The endometrium is unique in terms of the sheer magnitude and frequency of proliferation it undergoes through a woman's reproductive life solely in anticipation of supporting pregnancy. Although we exercised great care in only including patients with a clear menstrual history that met our criteria, future, detailed investigations of ion channel expression and regulation will require sampling of endometrial biopsies with greater rigour. For example, we assigned samples to either proliferative or secretory phase. In reality, these stages are further divisible into early, mid and late stages based on histological dating of endometrial biopsies. Analysis in this sequential fashion will allow us to determine more robustly the role of K2P channels in cellular and molecular mechanisms linked to reproductive events and their potential utility in the management of fertility.

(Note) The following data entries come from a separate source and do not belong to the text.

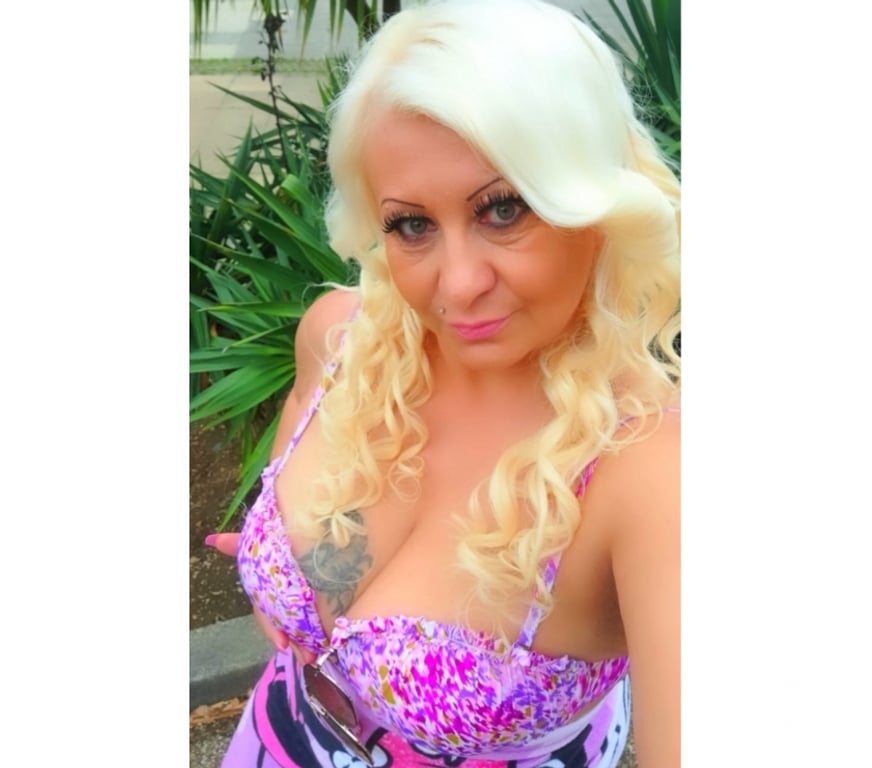 Escorts East London Havering - Photos for Amanda Horny Milf big natural boob's gfe massage relax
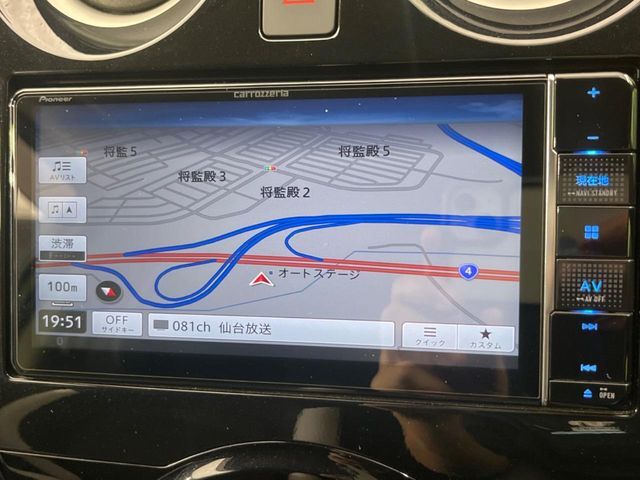 【ナビゲーション】使いやすいナビで目的地までしっかり案内してくれます。各種オーディオ再生機能も充実しており、お車の運転がさらに楽しくなります！！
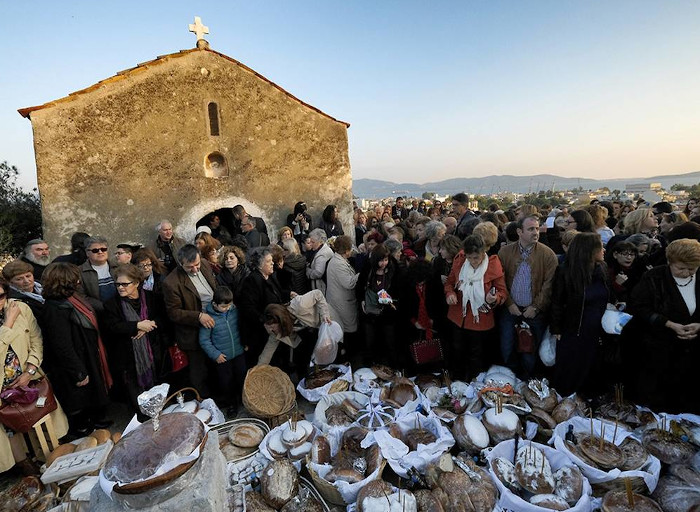 Εισόδια της Θεοτόκου: Τα έθιμα του λαού μας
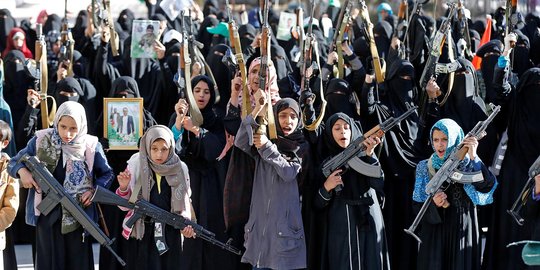 Aksi anak-anak dan wanita Yaman angkat senjata dukung Houthi
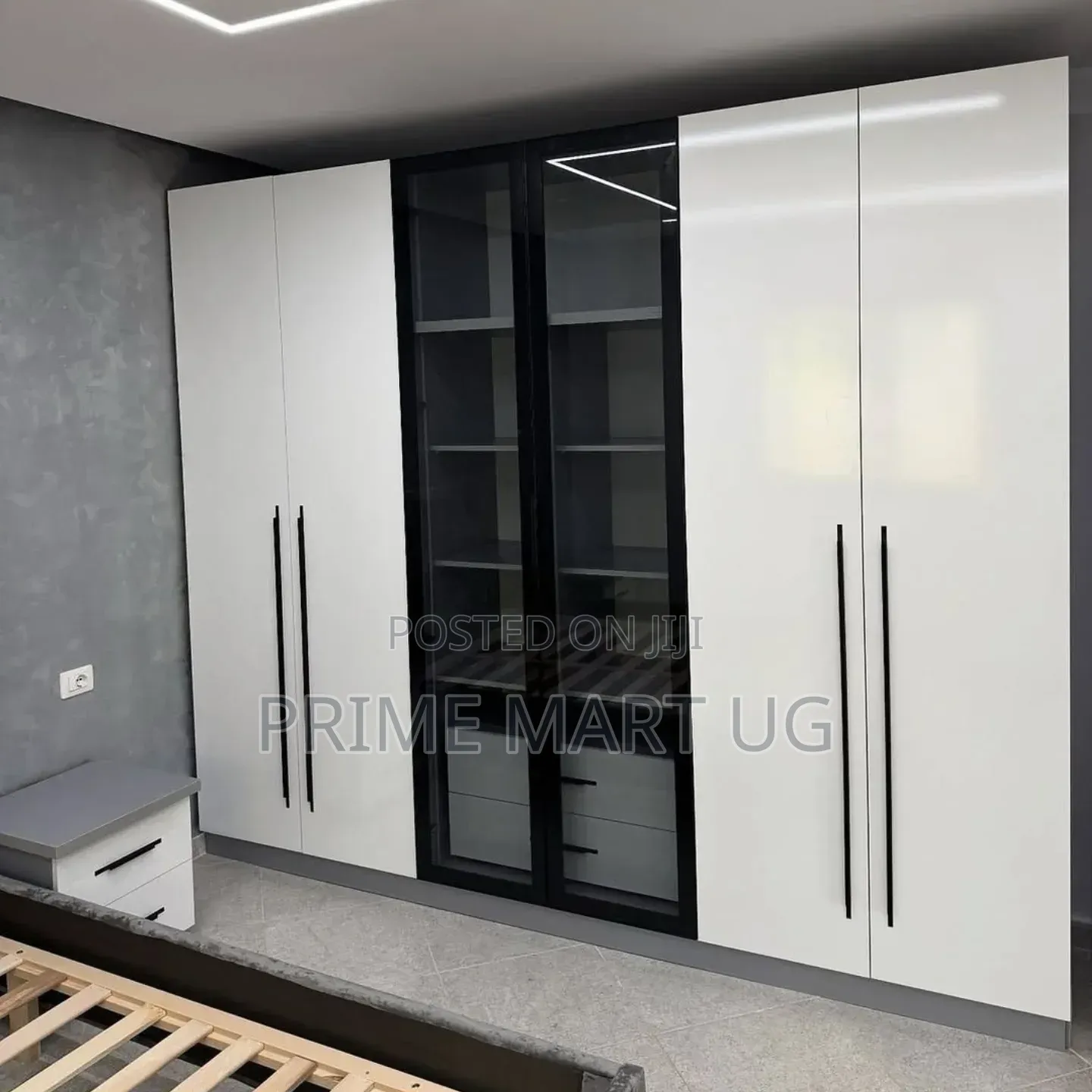Wardrobe/Wardrobes/Bedroom Wardrobe/Closet/Wardrobez 013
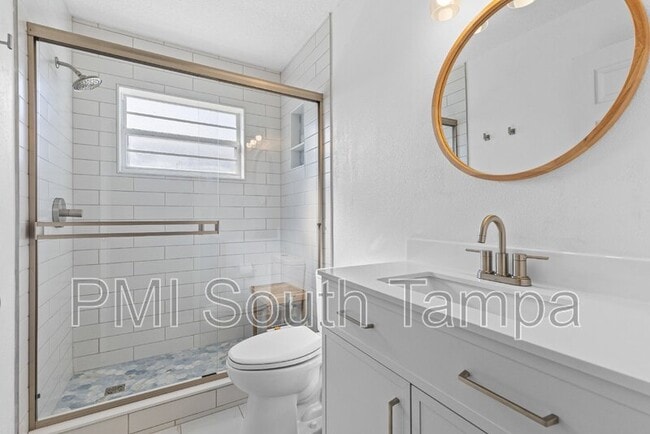 Building Photo - 7515 S Westshore Blvd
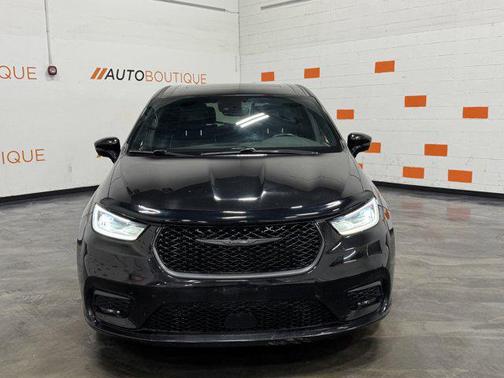 2022 Chrysler Pacifica Hybrid Limited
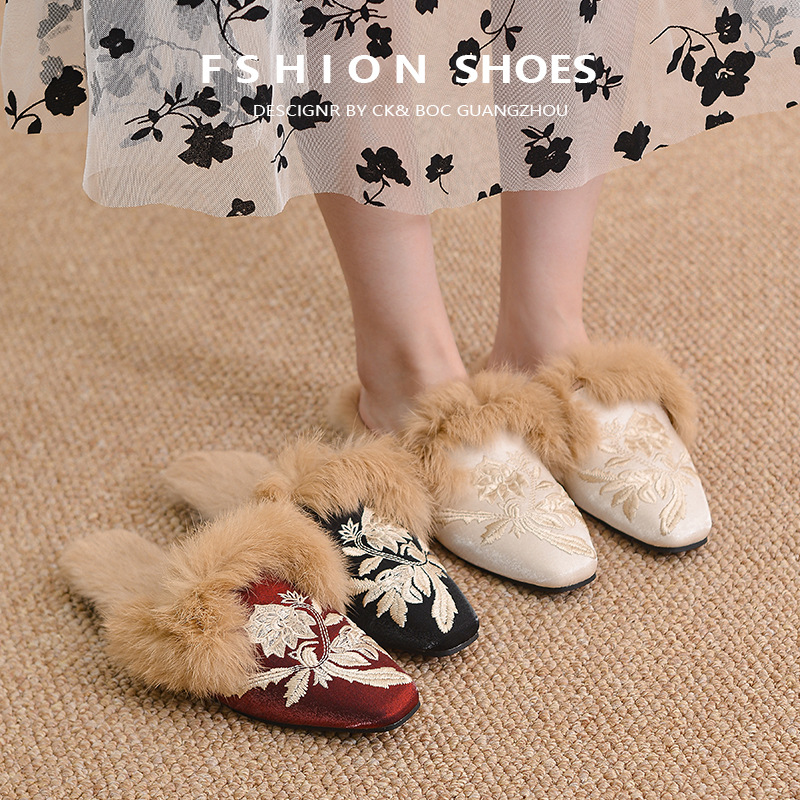 今年流行特惠558-28秋冬2025秋女加绒软底棉拖鞋刺绣拖鞋汉服鞋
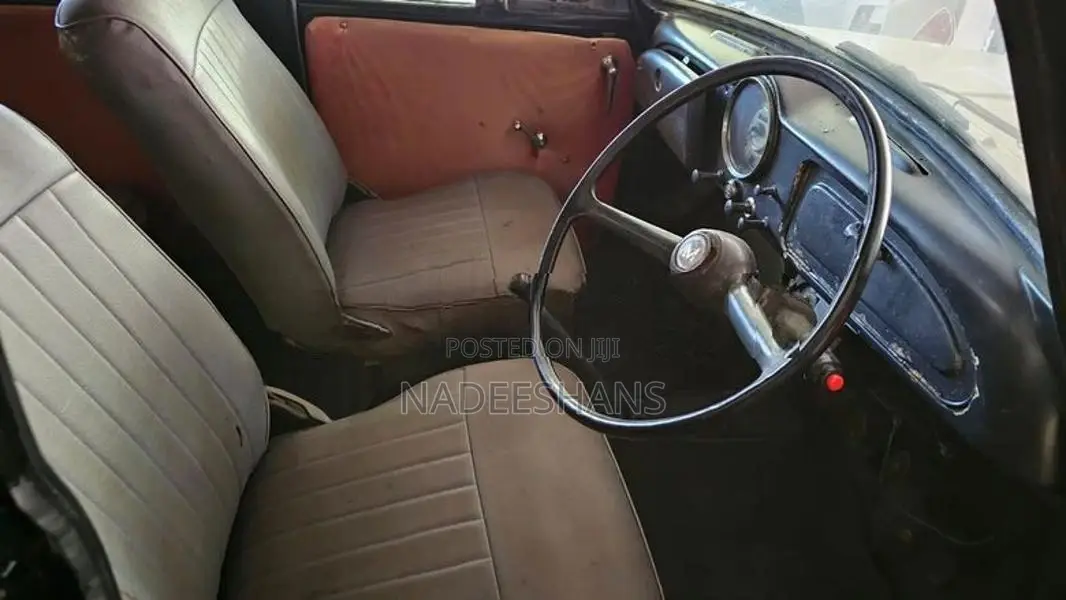 Morris Minor 111 1957
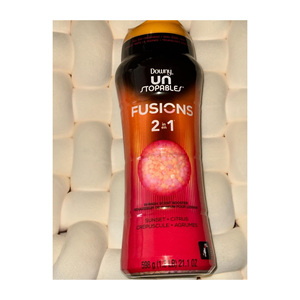 Downy Unstopables Fusions Twilight + Jasmine Perles booster de parfum pour le lavage - Product Image 3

In terms of the clinical relevance of our findings, endometrial thickness, measured by ultrasound, is arguably, one of the most reliable indicators, to date, of successful pregnancy outcome following IVF [52]. Our data indicating that blockade of TASK and TREK channels inhibits proliferation may underlie some cases of female infertility where an inadequate (thin) endometrial lining may arise via dysfunction or aberrant expression of K⁺ channels such that cell division and endometrial remodelling is suboptimal consequently proving detrimental to implantation. Moreover, altered membrane potential responses induced by acidification in normal endometrium reported here and, considering the impact of pH and ionic gradients in the female reproductive tract on fertilization rate [4], we suggest that the acid-base balance of the female reproductive tract is an important determinant of pregnancy rates. To our knowledge, with the exception of fertility treatments where embryo quality is optimized through tight control of pH and culture conditions, investigations of pH shift with the menstrual cycle, and correlation with reproductive outcome have not been performed yet constitute relatively simple measures to explore unexplained infertility. As a longer term clinical goal, our findings highlight the prospect of endometrial ion channels as potential non-steroidal contraceptive drug targets. In summary, our data provide new evidence for TREK-1 and TASK channel expression and their roles in endometrial epithelial cell proliferation. Evidence in favour of a contribution of TREK-1 in proliferative phase endometrium is corroborated by its higher expression during this period and our finding that the TREK-1 modulators curcumin and zinc modify cell proliferation. Lidocaine, zinc and methanandamide as inhibitors of TASK channels is further proof of K2P channel involvement in proliferation. Direct pH regulation of K⁺ currents in endometrial epithelia implies that either TASK-1 and/or TASK-3 channels mediate this response. The control of fertility remains an important goal in reproductive medicine. Despite celebrated advances in reproductive technologies, our meagre understanding of the human endometrium and the fact that idiopathic infertility accounts for over one third of infertility will benefit from detailed analysis of endometrial K2P channels and their clinical application as potential targets through which to modify fertility and reproductive outcome.

Conflict of interest

The authors confirm that there are no conflicts of interest.